§ **Assignment**: Exactly as they appear, write the lines from the one containing "Women's Sweater-Knit Cami" to the final line of the entries, leaving pictures out.

■ ■ ■ ■

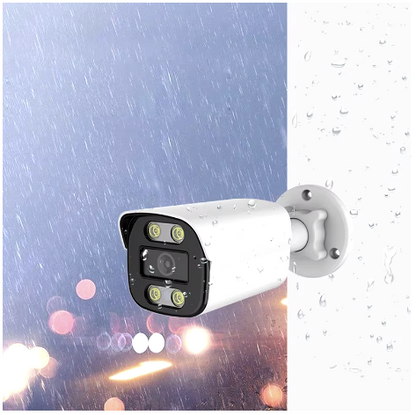 Camera supraveghere DVR/NVR Andowl Q SX070 4K infrarosu 20m IP66 alb
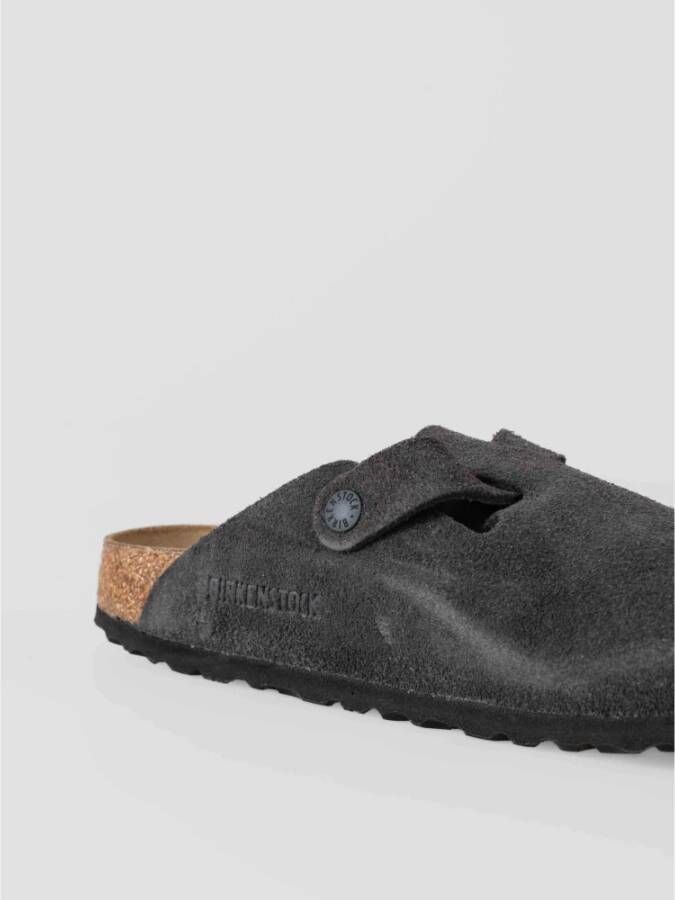 Birkenstock Suede Leder Clog Black Dames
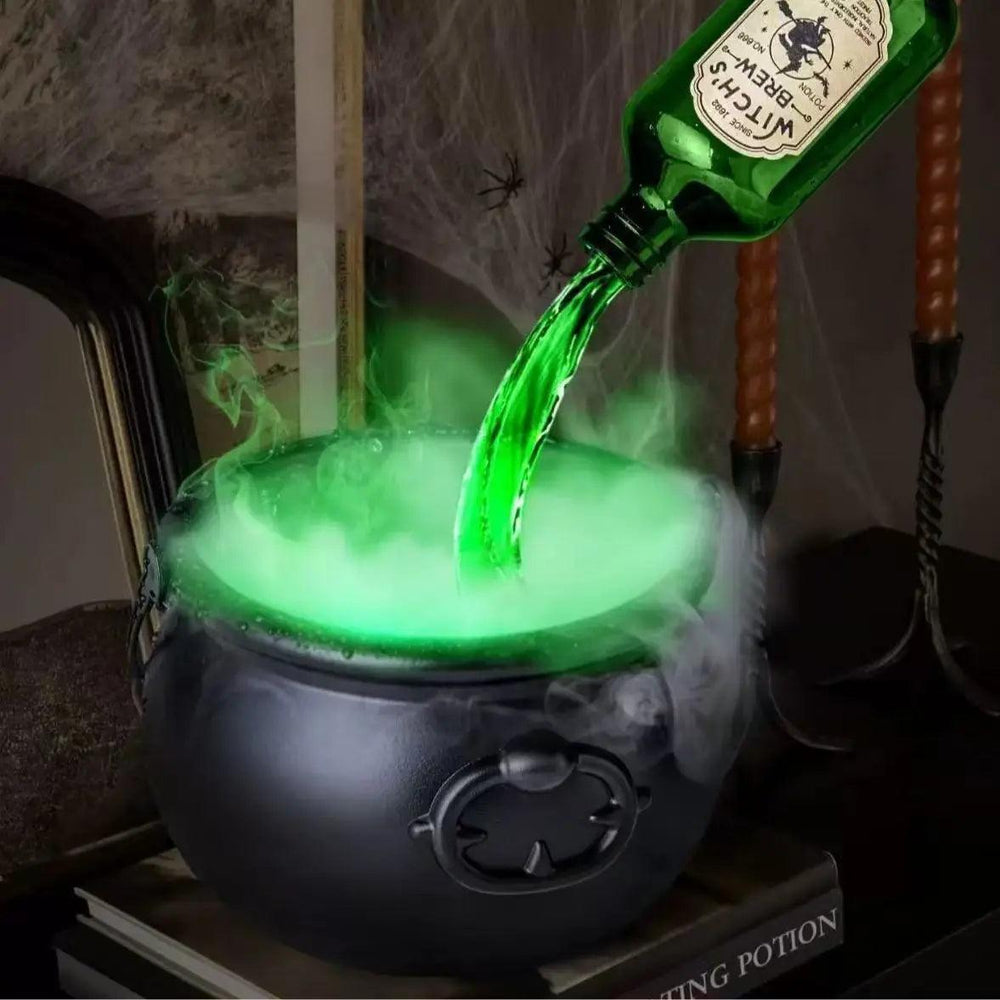 Bouteille et diffuseur flottant magique Halloween Bol de sorcier noir Pour la maison, le bar, fête magique, accessoires d’horreur fantôme, décoration d’Halloween - EX-STOCK Canada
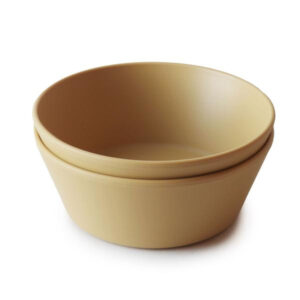 Mushie Kom Rond (set van 2) - Mustard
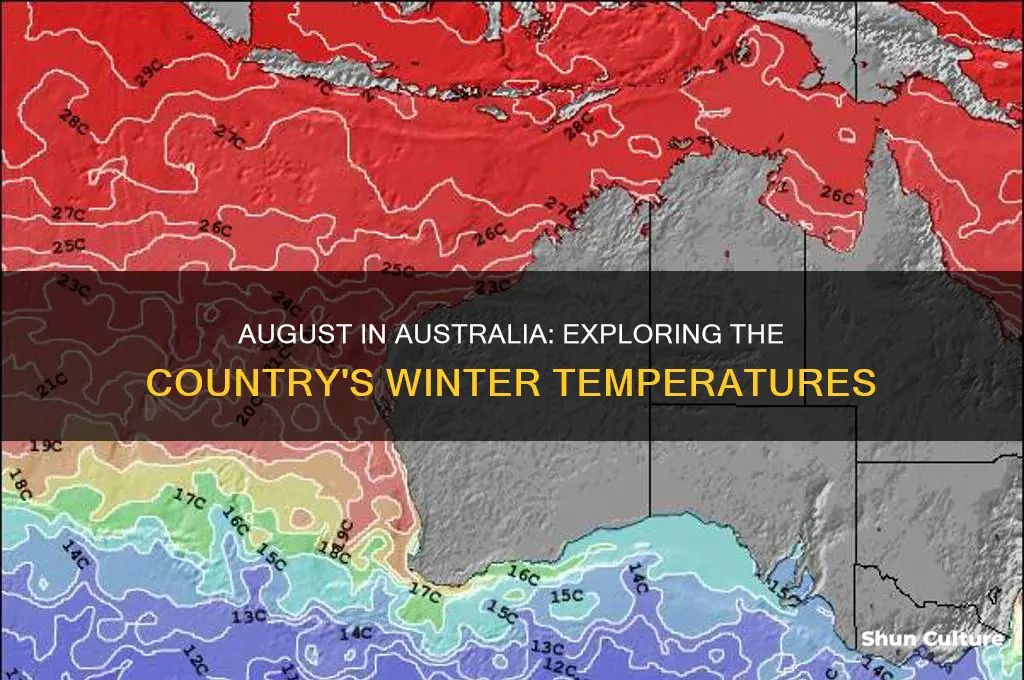 what is the temperature like in australia in august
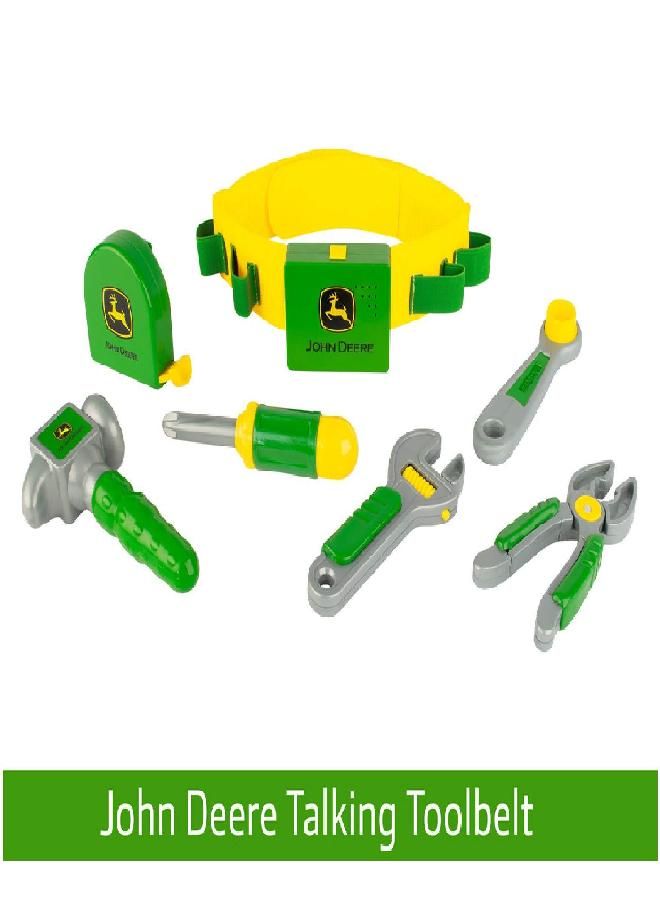 TOMY John Deere Deluxe Talking Toolbelt Preschool Toy, 24 months to 36 months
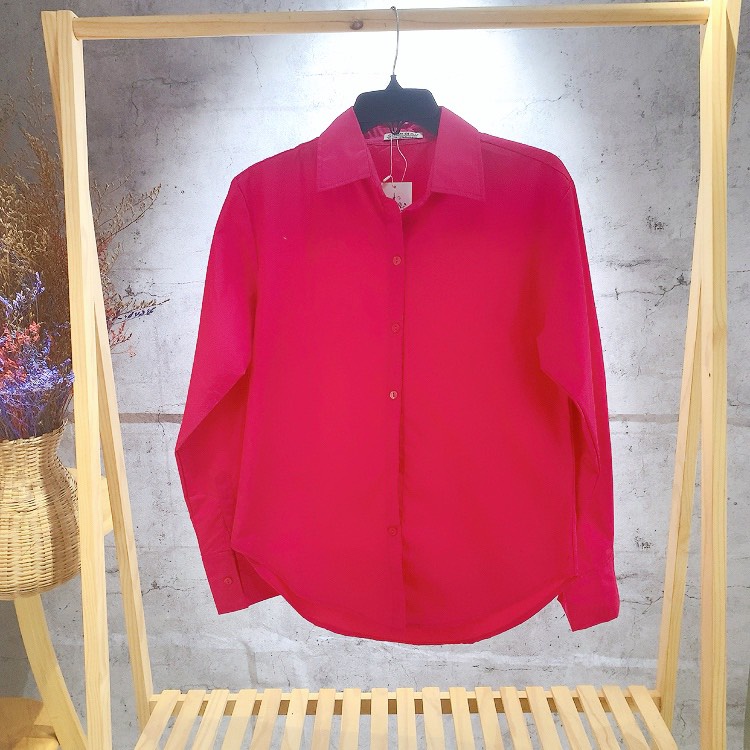 Áo Sơ Mi Unisex Nam Nữ Chất Kak Full Màu Mr Smile 99 Shop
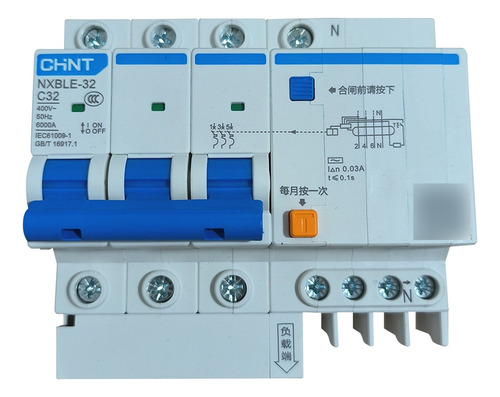 Breaker Chint Electric Nxble-32 C32 3p +n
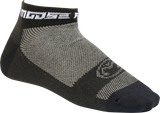 MOOSE RACING Casual Low Socks - Black/Gray - S/M 34310788 - Cycle City Outdoors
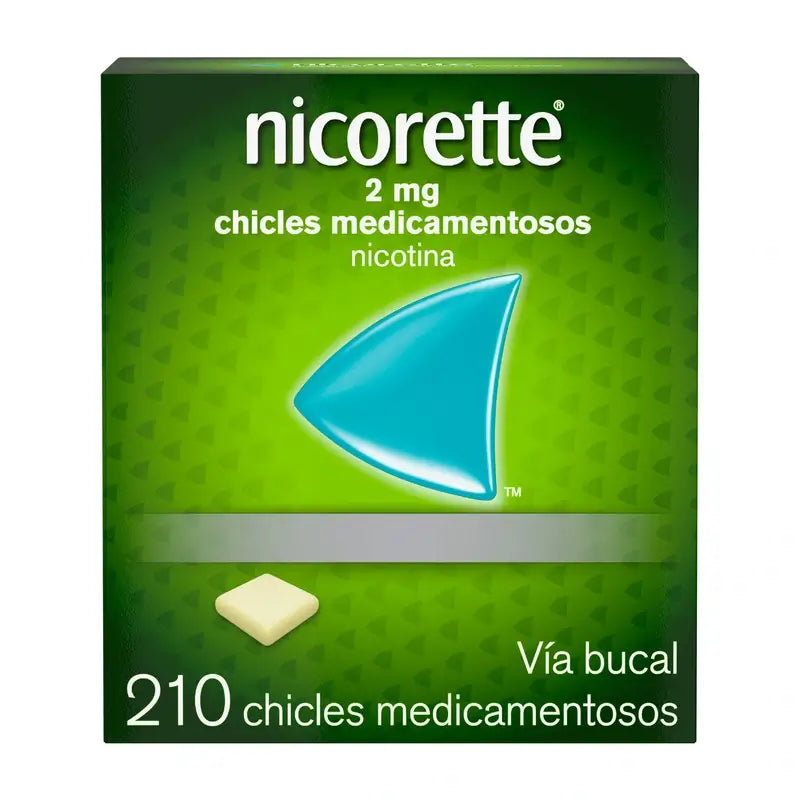 Nicorette 2 mg 210 Kaugummi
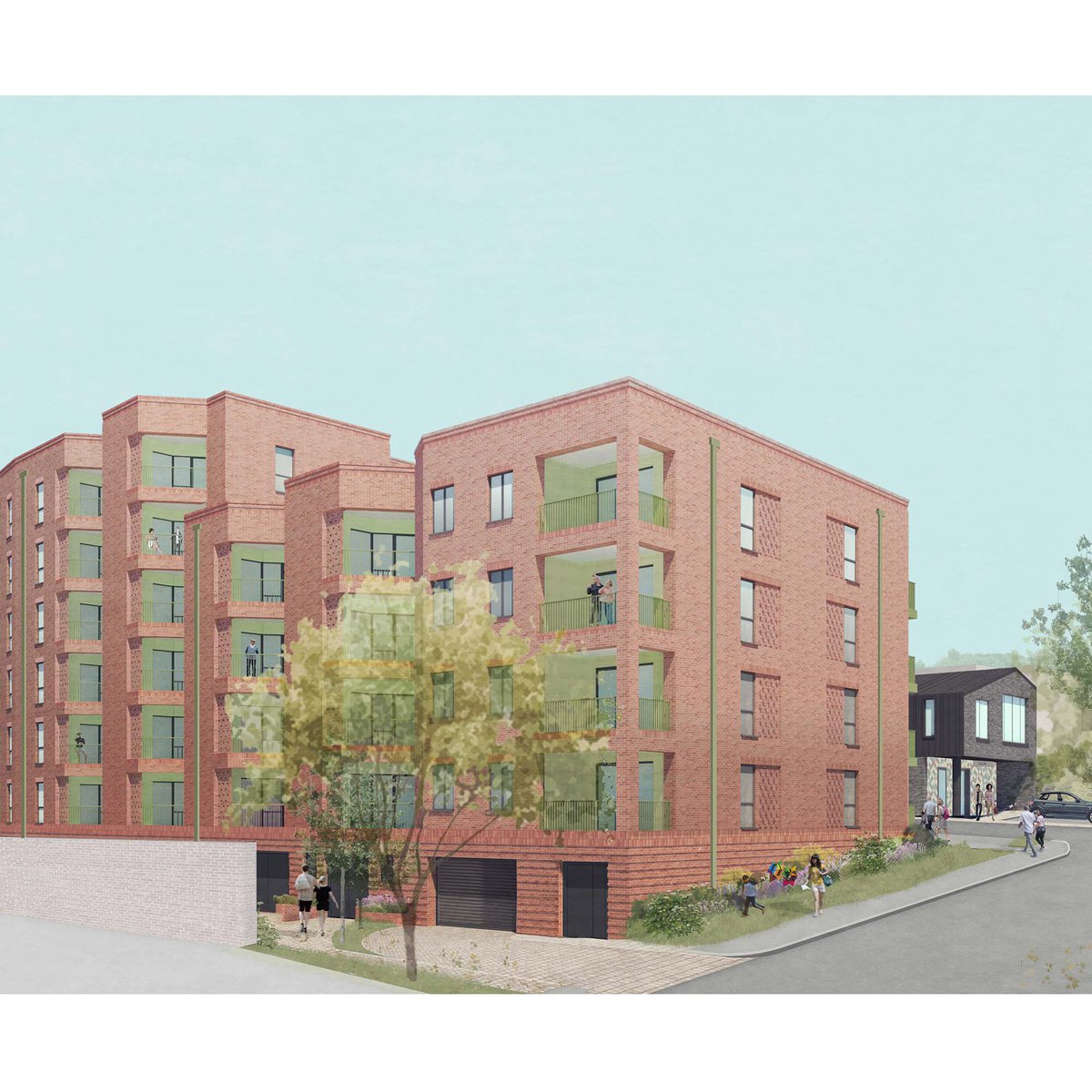 rgp_Ltd's tweet photo. Excited to have submitted our Paradise Depot scheme to planning. This project for Dacorum Borough Council is an interesting mix of community and charity uses combined with affordable housing. 
 
#affordablehousing #socialarchitecture #urbandesign #architecturevisualisation https://t.co/SloFA6g520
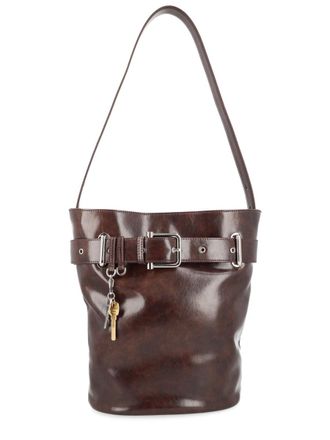 Osoi Womens Shoulder Bag Brocle Brown Cow Leather
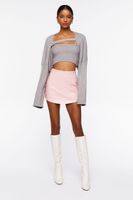 Women's Sweater-Knit Cami & Shrug Set in Grey Medium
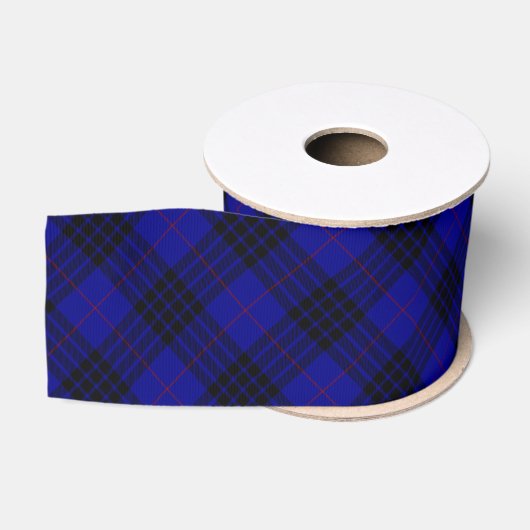 MacKay tartan blauwe schol Grosgrain Lint (Spoel)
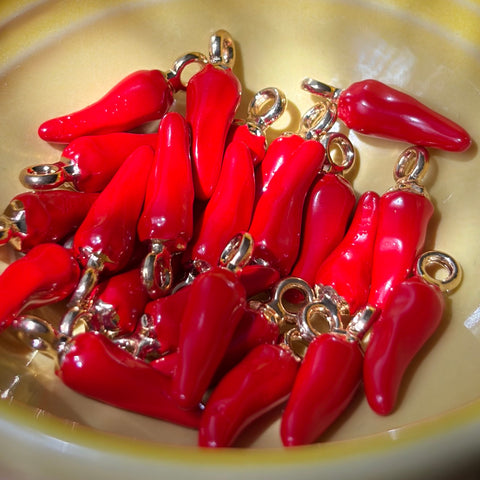Enamel Pepper Pendant Charm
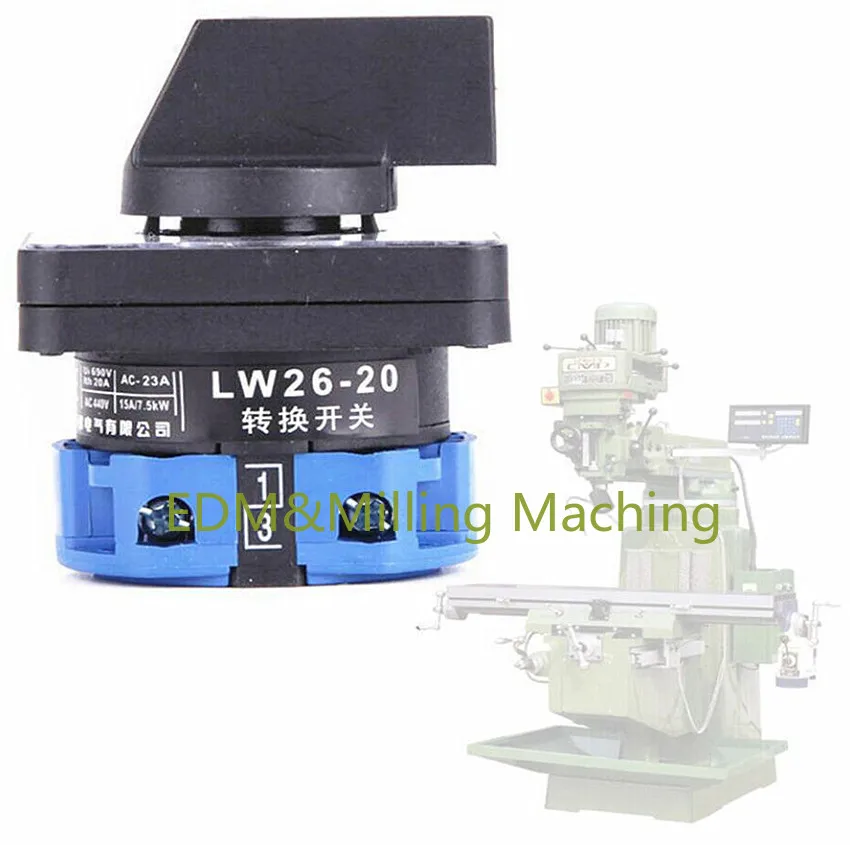 1PC CNC Milling Machine Part Forward and Reverse One Period Switch LW26-20 For Bridgeport Mill Tool
1PC CNC Milling Machine Part Forward and Reverse One Period Switch LW26-20 For Bridgeport Mill Tool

■ ■ ■ ■

§ **Problem solution**:
 Women's Sweater-Knit Cami & Shrug Set in Grey Medium
 MacKay tartan blauwe schol Grosgrain Lint (Spoel)
Enamel Pepper Pendant Charm
 1PC CNC Milling Machine Part Forward and Reverse One Period Switch LW26-20 For Bridgeport Mill Tool
1PC CNC Milling Machine Part Forward and Reverse One Period Switch LW26-20 For Bridgeport Mill Tool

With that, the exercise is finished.